11

I am interested in knowing about abstract mathematical concepts, tools or methods that have come up in theoretical machine learning. By "abstract" I mean something that is not immediately related to that realm. For instance, a concept from mathematical optimization does not qualify since optimization is directly related to the training of deep networks. In contrast, to me Topological Data Analysis is a non-trivial example of applying algebraic topology to data analysis.

Here are few examples that I have encountered in the literature (all in the context of deep learning).

  1. Betti numbers have been utilized to introduce a complexity measure which could be used for comparing deep and shallow architectures:
    https://www.elen.ucl.ac.be/Proceedings/esann/esannpdf/es2014-44.pdf
  2. A connection between Sharkovsky's Theorem and the expressive power of deep networks: https://arxiv.org/pdf/1912.04378.pdf
  3. An application of Riemannian geometry:
    https://arxiv.org/pdf/1606.05340.pdf
  4. Algebraic geometry naturally comes up in studying neural networks with polynomial activation functions. This paper discusses functional varieties associated with such networks: https://arxiv.org/abs/1905.12207

I find it useful to compile a list of such research works on ML that draw on pure math.

KhashF
  • 2,608
  • Artificial Intelligence SE and Theoretical Computer Science SE are probably better places to ask this question than here. –  Apr 18 '20 at 00:11
  • @nbro it seems to me that the question is math-focussed. – YCor Apr 18 '20 at 00:31
  • @YCor Yes, but learning theory is a central topic in computer science and artificial intelligence. But I agree with you that this question may not be off-topic here. I just think that those other sites may also be appropriate (if not more appropriate) to ask this question. –  Apr 18 '20 at 00:33
  • 1
    Hard to answer it since every example you gave arises as 'naturally' in machine learning as optimization does. – Piyush Grover Apr 18 '20 at 00:33
  • Possibly relevant https://mathoverflow.net/questions/266028/algebraization-of-bayesian-networks – YCor Apr 18 '20 at 00:38
  • Recently, someone asked a similar (although more general) question on AI SE. See What are some resources on computational learning theory?. –  Apr 18 '20 at 00:46
  • @PiyushGrover In that case, please feel free to include anything that you deem appropriate. I am not well versed in ML and I am mostly familiar with deep learning where optimization by gradient descent algorithms is an essential part of the training process. – KhashF Apr 18 '20 at 01:00
  • @nbro The works that I have cited use results from algebraic geometry, algebraic topology and dynamical systems. So I believe that this is the correct forum to ask for similar papers. – KhashF Apr 18 '20 at 01:02
  • @KhashF But your question is still about learning theory, which is an AI topic. It's fine to ask this question here, because here you will find people that know more about algebraic geometry, algebraic topology and dynamical systems, but how many mathematicians care about learning theory? –  Apr 18 '20 at 01:15
  • Related: https://mathoverflow.net/questions/204176/group-theory-in-machine-learning – Alexander Chervov Apr 18 '20 at 09:13

1 Answers1

6

Probably, one the most striking is the "UMAP" (Uniform manifold approximation and projection) - a method of dimensional reduction in machine learning. The authors of the method use CATEGORY THEORY for its discovery. Well, there are certain discussions to what extent category theory is really required, see John Baez blog and references there in, still it is the author's original viewpoint how the method has been discovered. (The algorithm/implementation can be understood without category theory).

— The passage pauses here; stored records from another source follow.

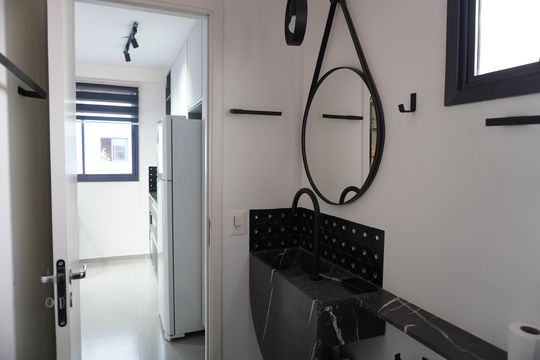 Banheiro de kitnet/studio à venda com 1 quarto, 24m² em Vila Buarque, São Paulo
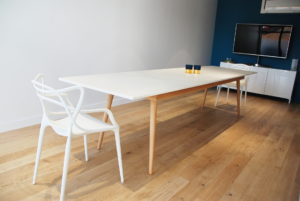 Table dekton céramique - Pied compas scandinave - table de réunion - ©BrutDesign - Artisan designer - Gers - Lot et Garonne - Sud Ouest- France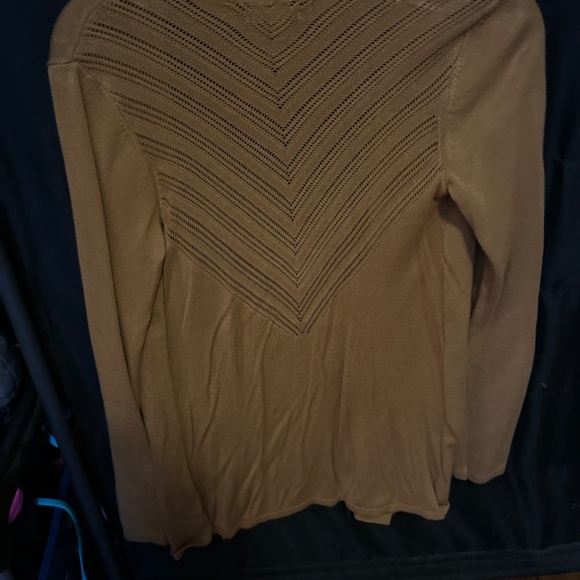 Top - Picture 2 of 2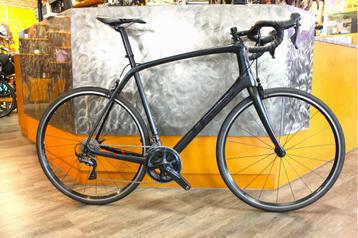Zeer nette gebruikte Trek Domane SL6 racefiets 62cm beschikbaar voor biedingen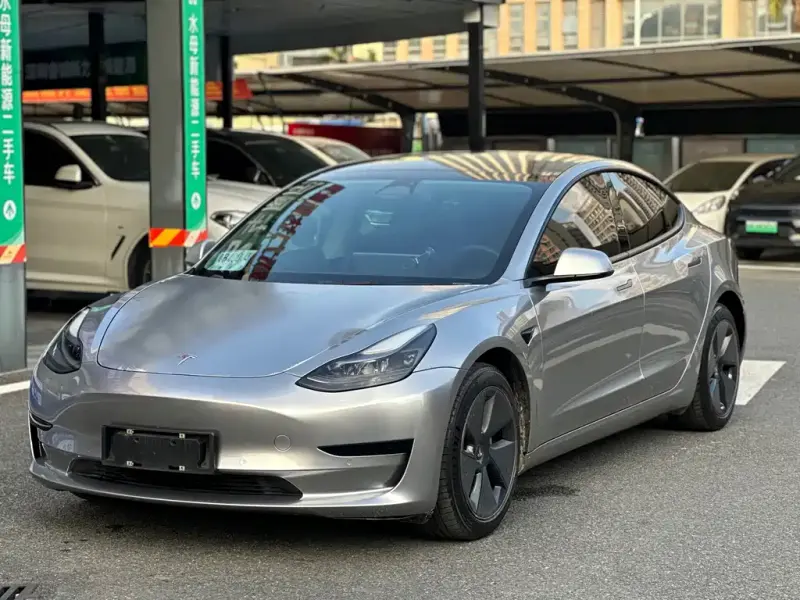 Tesla Model 3, 2022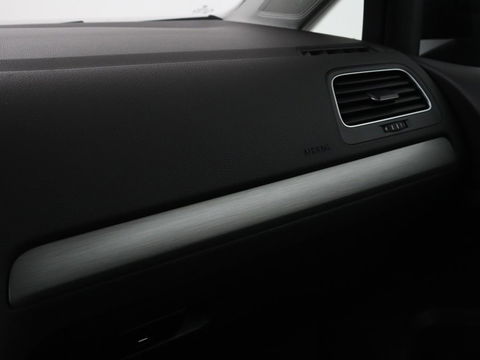 Volkswagen Golf 1.0 TSI Business Edition Connected | Camera | Cruise control | Carplay | Climate control | Navigatie | Bleutooth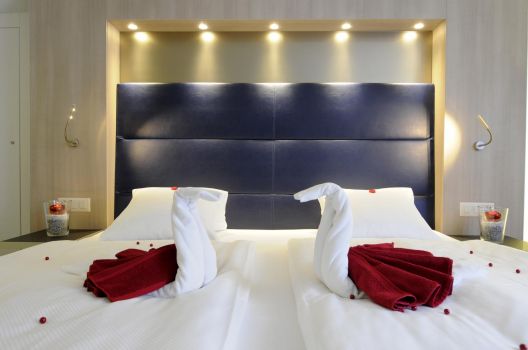 Liebevoll dekoriertes Hotelzimmer mit Handtuchschwänen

The method become quite quickly very popular - gaining 748 citations in two years according to google scholar. And found applications in many fields including bioinformatics (UMAP Nature), as well as capable to produce beautiful images MO355631.

It is similar to previously widely used method - tSNE (T-distributed stochastic neighbor embedding), however, quite often produces better results with less computational efforts, thus beating the predecessor both in quality and speed.

The documentations can be found here: UMAP docs.